Once everything’s good, you can now start the benchmarking test. But keep in mind that it may take several minutes to finish the test.
Expect images and videos to appear during the test. Watch how the device performs on gaming and rendering visuals. You’ll be able to tell if what you’ve picked is laggy just from watching.
Why Do You Need to Benchmark Your Phone?
As of writing, there’s no standard minimum for excellent performance on AnTuTu. The scores keep getting higher as new chipsets are launched every year.
But at the moment, the assumption is that getting a score between 300K and 500K means that the device is great for casual use and light gaming.
If you’re gaming or planning to do more demanding tasks, you’ll need a score of 600K as bare minimum. This is because the current score for top-tier performance is at least 1 million.
Now we have some numbers, benchmarking tools help in informed decisions, especially if you’re managing the cost of your next buy.
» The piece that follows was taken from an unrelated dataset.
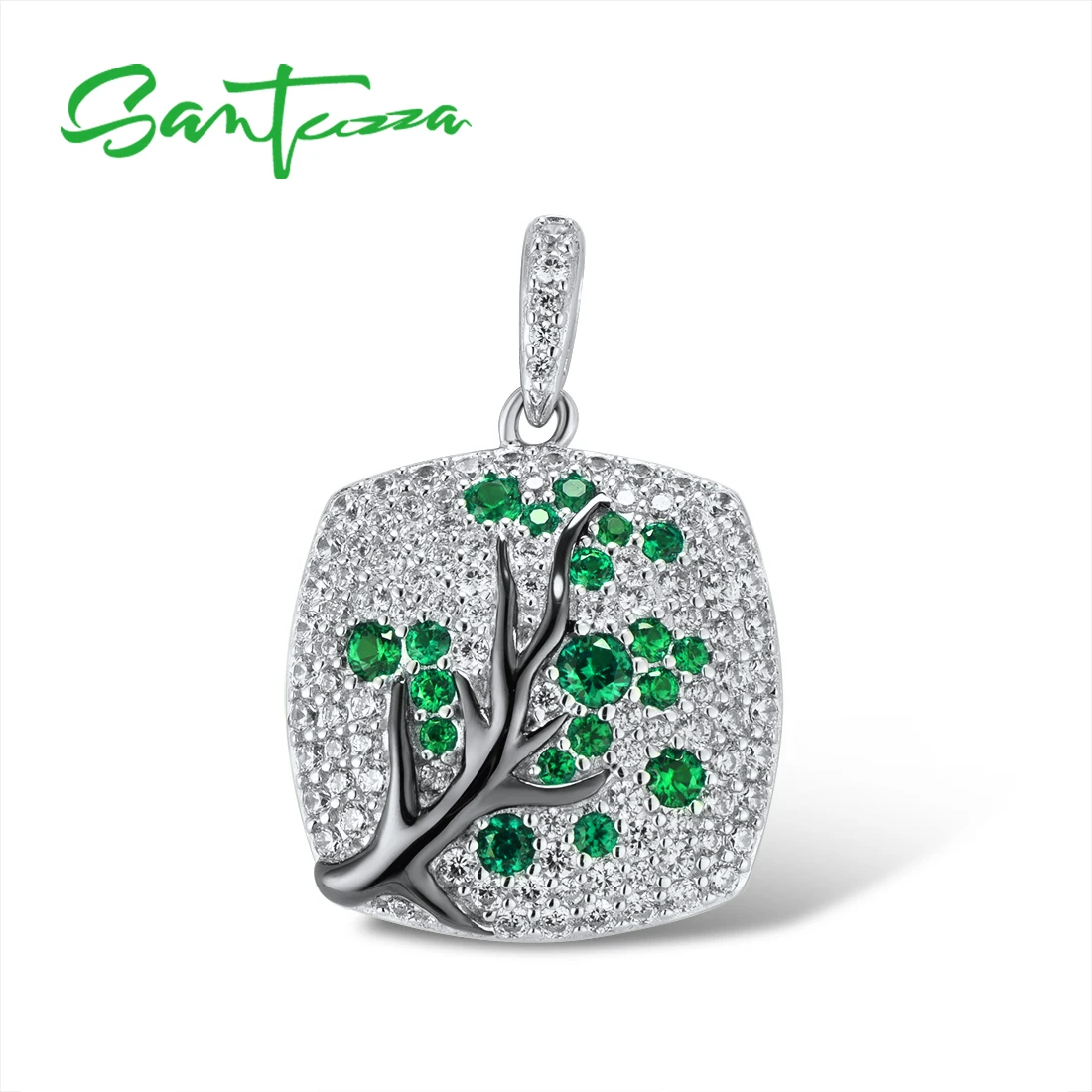 SANTUZZA 925 Sterling Silver Pendant For Women Sparkling Pink Green Cherry Tree Delicate Fashion подвеска кулон Fine Jewelry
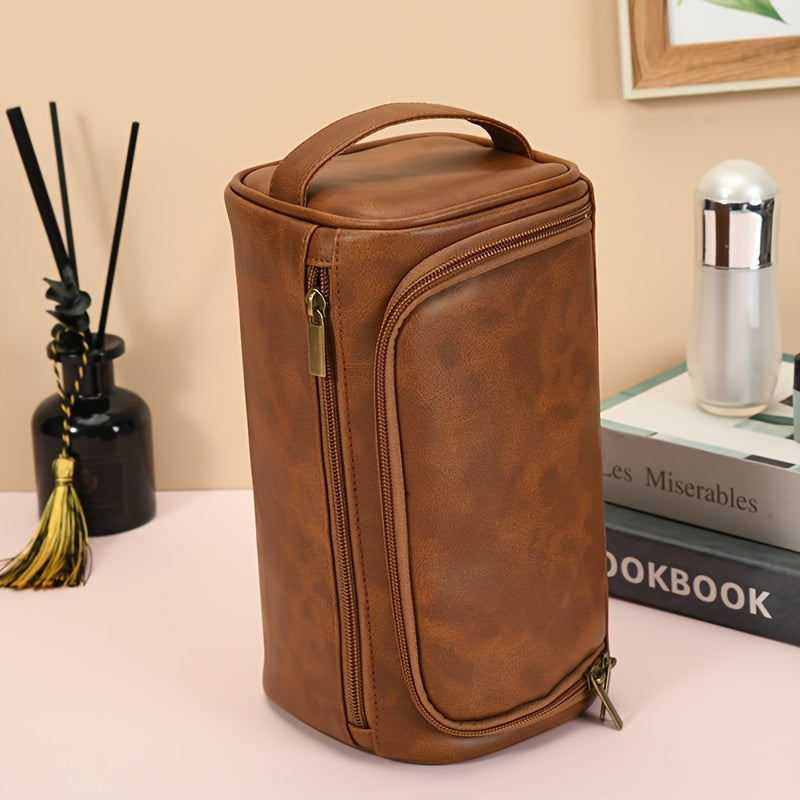 Men's Deluxe Travel Toiletry Bag - Spacious & Waterproof Faux Leather Dopp Kit, Perfect Gift for Dad, Husband, Grandpa - Ideal for Christmas & Birthdays, Toiletry Travel Bag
With so many phones out there, AnTuTu and many similar tools may define if your chosen phone is value for your money.
Although AnTuTu is definitely insightful, you can’t rely on it completely. First, it doesn’t compare Android and iOS devices; only devices within the same platform.
Second, the scores are not directly translated as real-life performance. The numbers are clues on what you can expect.
And third, the benchmarking may be tweaked to get optimal scores. According to an administrator on Lenovo forums, battery level, CPU and battery temperatures, and background apps may affect the scores.
Some demo phones in stores have AnTuTu installed while others don’t. But it doesn’t mean you can’t demand to have it installed, especially if you’re buying that day.